As for “predicted by a young German economist in 2013” I knew it in the 90s and would have known earlier, if I had bothered to research it.
The only country that is benefiting from wind and solar is Norway; they buy cheap electricity from Denmark, when the wind is blowing, and sell Denmark expensive electricity, when the wind is not blowing. They can do this because much of their generation is hydro which can be switched on and off quickly and which is limited in average output by water availability but can drastically exceed average output when required.
Solar panel ARE cheap. You find them <$0.5 / W. And, with all other thing needed (inverter, cable, rail to fix on a roof, etc.), you are in the ~$1/W of material. Rule of thumb, this means ~$0.1 /kWh electricity price.
Far from "stupidly expensive". So cheap that panel no longer matter in the price of a solar installation, and that's the main problem: other cost don't drop. Even if the panel were free, a solar installation would still be uncompetitive: you now have to move, install, graft to your house electric system, do paperwork to be allowed by your grid manager, etc. Doubling and tripling the cost.

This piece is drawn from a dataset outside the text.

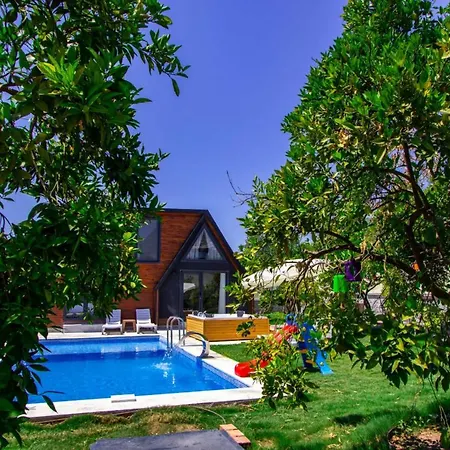 With Pool Jacuzzi And Backyard In Inlice Villa *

And still work during sunshine hours, not when needed.
A Tesla automobile costs 120000. A spectacular price reduction of 50% does not mean that it becomes the main transportation choice for everyone. The green advocates creatively intermix relative and absolute numbers.
Economists, please note:
What we have here is a demonstration of
DISeconomy of scale.
Economists don’t need to note that, it’s the politicians that need that educating.
I got my Econ degree back in the ’70s and we covered both economies of scale and DIS-economies of scale. That then led to the discussion of Minimum Economic Size and Maximum Economic Size.
For a Steel Mill, the Maximum Economic Size is essentially global demand. Minimum economic size was about 1/2 continent of demand, then various improvements in small scale were made and Nucor started to be the hot steel company instead of U.S. Steel. The other side of the coin is Hotdog Carts. Minimum economic size is One Cart. Beyond that, it starts being increasingly expensive to coordinate the different carts, hire staff (instead of doing it yourself) and keep quality up. Maximum Economic Size isn’t much bigger than one cart. (You can do franchising to extend that, but the individual unit tends to stay one big cart.)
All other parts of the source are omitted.